> **Task**
Within the entries below, please return exactly the lines from the one with "Brown one-piece cutout" through the one with "EllyMolly 燈芯絨折位寬寬褲 (90-160cm)", leaving out any pictures.

> **Exercise data**
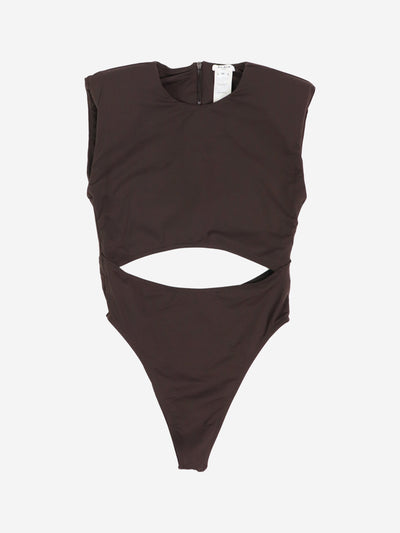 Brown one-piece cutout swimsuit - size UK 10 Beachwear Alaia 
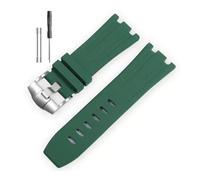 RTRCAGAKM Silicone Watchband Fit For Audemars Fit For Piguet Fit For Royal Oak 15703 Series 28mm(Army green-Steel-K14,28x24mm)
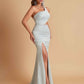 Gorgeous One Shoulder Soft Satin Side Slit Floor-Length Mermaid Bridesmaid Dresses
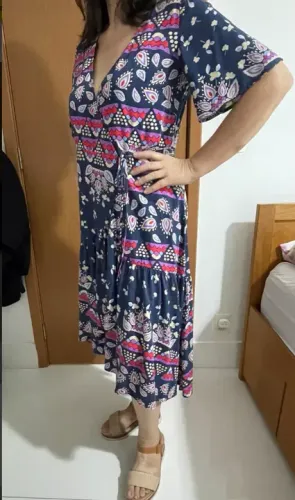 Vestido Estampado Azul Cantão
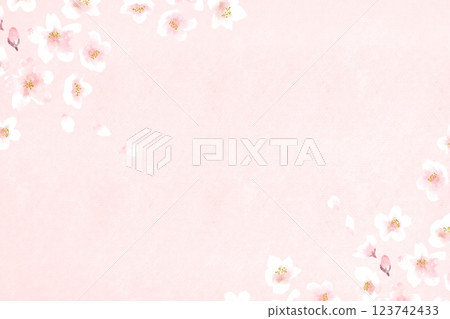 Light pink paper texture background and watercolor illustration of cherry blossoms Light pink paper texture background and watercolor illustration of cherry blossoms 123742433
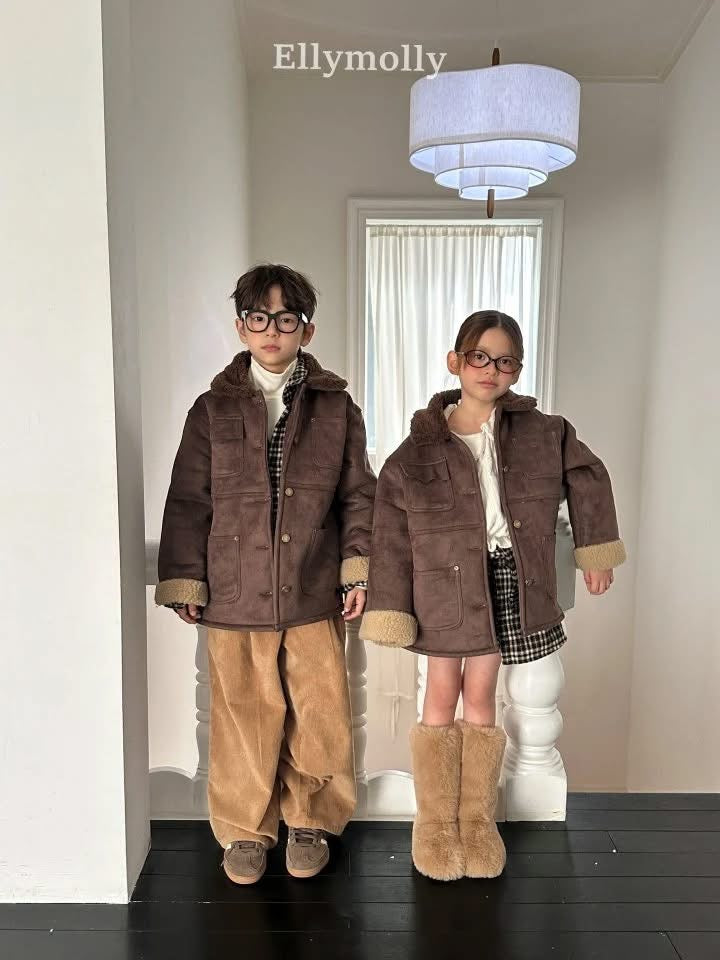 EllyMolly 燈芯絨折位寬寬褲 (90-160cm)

* * *

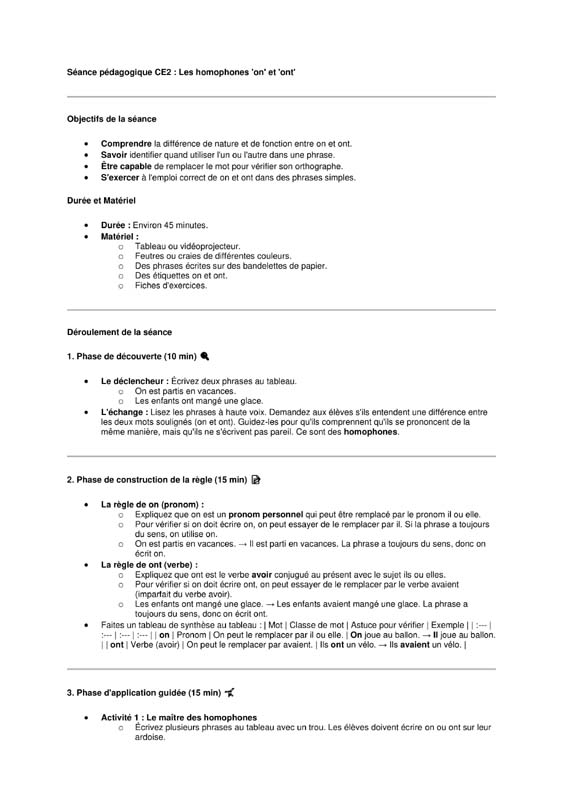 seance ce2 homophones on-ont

> **Response to the task**
 Brown one-piece cutout swimsuit - size UK 10 Beachwear Alaia 
 RTRCAGAKM Silicone Watchband Fit For Audemars Fit For Piguet Fit For Royal Oak 15703 Series 28mm(Army green-Steel-K14,28x24mm)
 Gorgeous One Shoulder Soft Satin Side Slit Floor-Length Mermaid Bridesmaid Dresses
 Vestido Estampado Azul Cantão
 Light pink paper texture background and watercolor illustration of cherry blossoms Light pink paper texture background and watercolor illustration of cherry blossoms 123742433
 EllyMolly 燈芯絨折位寬寬褲 (90-160cm)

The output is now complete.